Series: The Initial Insult, #1
Publisher: Katherine Tegen Books
Release Date: February 23, 2021

THE INITIAL INSULT gives a modern YA spin to the imagination of Edgar Allan Poe, taking inspiration from several of his classic tales of suspense. In Amontillado, Ohio, at the condemned Usher House, Tress Montor devises a sinister plan to get information out of her former best friend, Felicity Turnado.

Tress’s parents disappeared seven years ago, and the only witness was Felicity, though she’s buried any memories of that terrible night in her subconscious. So in The Cask of Amontillado style, Tress plans to wall up Felicity, brick by brick, in Usher House’s coal chute, unless she finally admits what happened to Mr. & Mrs. Montor.

This book was strange and dramatic, and gruesome at times. None of the characters were particularly likable, but I’m glad there was a dual narrative between Tress & Felicity, so at least we could hear where both were coming from. There was also a third POV from the character “Cat,” whose voice was confusing. I’m not sure that being inside Cat’s head was necessary.

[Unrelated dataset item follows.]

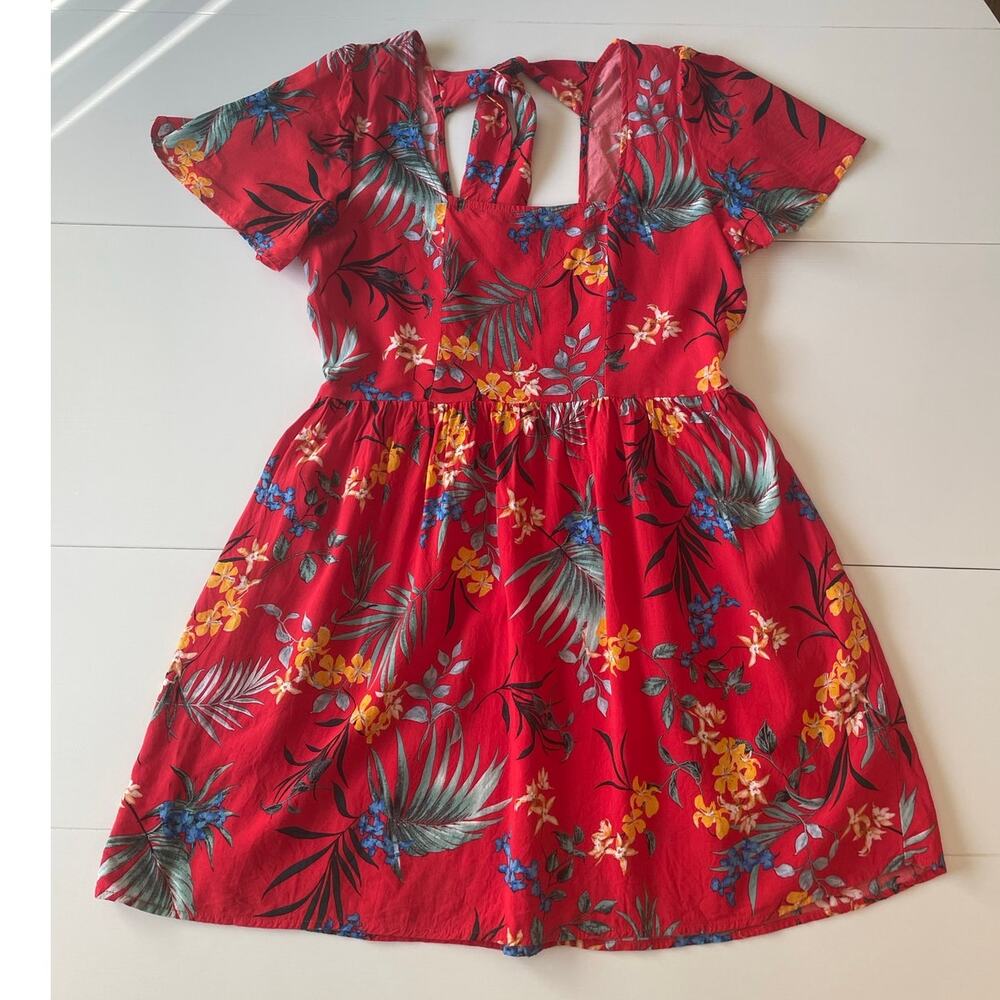 Band of Gypsies Floral Mini Dress Sz M Pockets Short Sleeves Tie Back Red - Picture 9 of 12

Something to note: THE INITIAL INSULT is the first book in a duology, so it’s left open-ended in regards to the mystery of the missing parents and other points. There was A LOT of drama going on in this book (drug abuse, animal cruelty, bullying, class struggle, family secrets), so I’m assuming the second book will make sense out of everything, though we’ll have to wait until next year to see. — 𝓓𝓲𝓪𝓷𝓪

Disclosure: I received a copy of this book from the publisher through NetGalley in exchange for an honest review.